OKLAHOMA CITY — A powerful storm system stretched from Texas to Minnesota on Sunday, bringing heavy rains, flash flooding and the possibility of more severe weather.
Scattered severe storms could develop Sunday evening in eastern Minnesota, western Wisconsin and northern Illinois, according to the National Weather Service
Rain-soaked Texas saw flash flood warnings, high-water rescues and motorists stranded on roads overwhelmed by torrential rains. A river in northwest Oklahoma threatened to top its banks and affected crops, oil wells and rural roads, while 2 to 3 inches of rain fell in three hours in parts of Arkansas, prompting a flash flood warning.
"We've gotten a lot of rain in a short time," Oklahoma Department of Emergency Management spokeswoman Keli Cain said. "The ground is saturated, so every time we get another big soaking, the rain causes more flash flooding."

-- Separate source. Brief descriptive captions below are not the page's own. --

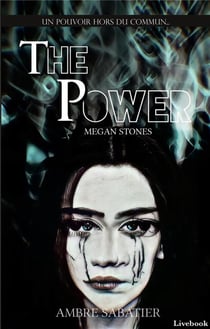 The power : megan stones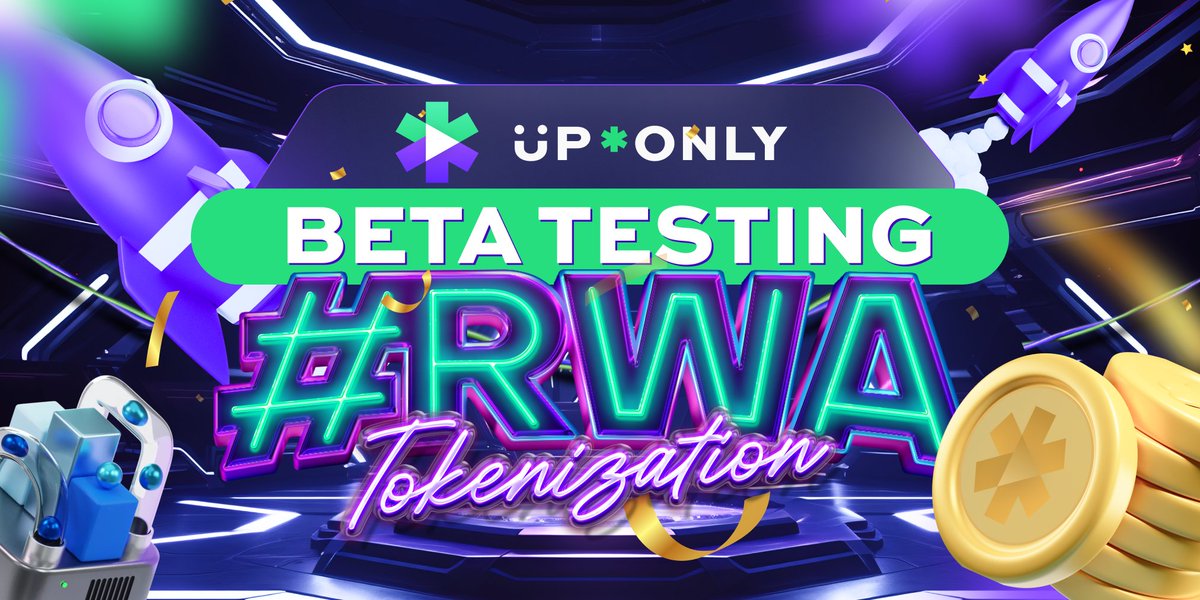 UpOnly is powering up #Web3, with a core focus on #RWA and #GameFi. Today, we entered beta testing for the #RWA tokenization process. Real world assets will be traded via #NFTs on-chain, enabling sophisticated, automated reward distributions through advanced smart contract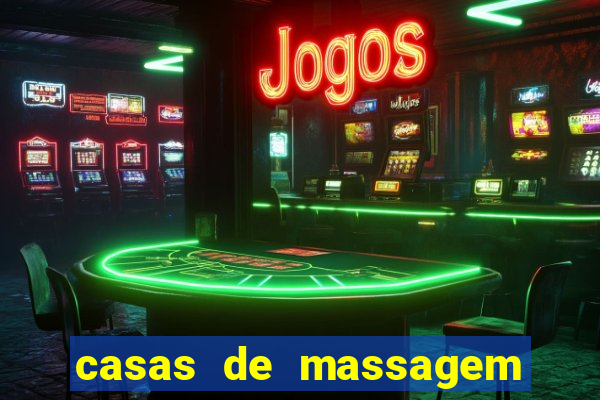 casas de massagem em porto alegre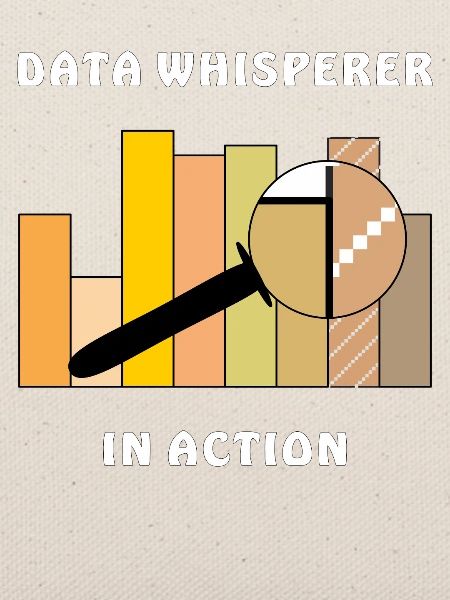 DATA WHISPERER IN ACTION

The storm system is the result of a cold front extending from the north central Plains into the southern Plains that pushed up behind warm, moist air, according to Bill Bunting, chief of operations for the National Weather Service Storm Prediction Center in Norman, Oklahoma.
"It's a very strong upper level disturbance," Bunting said, noting it stretched at one point nearly to the U.S. border with Mexico. "It's as extensive an area as we've seen this year."
The Dallas-Fort Worth area received between 3 to 5 inches of rain overnight, according to NWS senior meteorologist Eric Martello, and total rainfall is running about 5 inches above normal for this time of year. In Johnson County, which WFAA reported received 5 to 8 inches of rain overnight, people had to be rescued from their homes. San Antonio and Austin also saw flooding Sunday.
Damaging tornadoes and strong winds blew through the Plains on Saturday and early Sunday, though there were no reports of deaths or injuries.
The NWS said tornadoes touched down near Elmer and Tipton in southwest Oklahoma on Sunday, with state emergency officials saying the most significant damage was to homes, businesses and power lines. One also touched down Saturday east of Kansas City, Missouri.
Some residents of the town of Mosby in western Missouri were evacuated Sunday after about 35 homes took on water from the Fishing River, which overran its banks. About half to two-thirds of the 190 residents chose to leave, Clay County Sheriff's Department Lt. Will Akin said.
A storm in Lyon County, Kansas, was strong enough to push railcars off the tracks on Saturday, and the National Weather Service said a tornado. Trees, farm buildings and empty railcars were toppled in central Iowa early Sunday morning.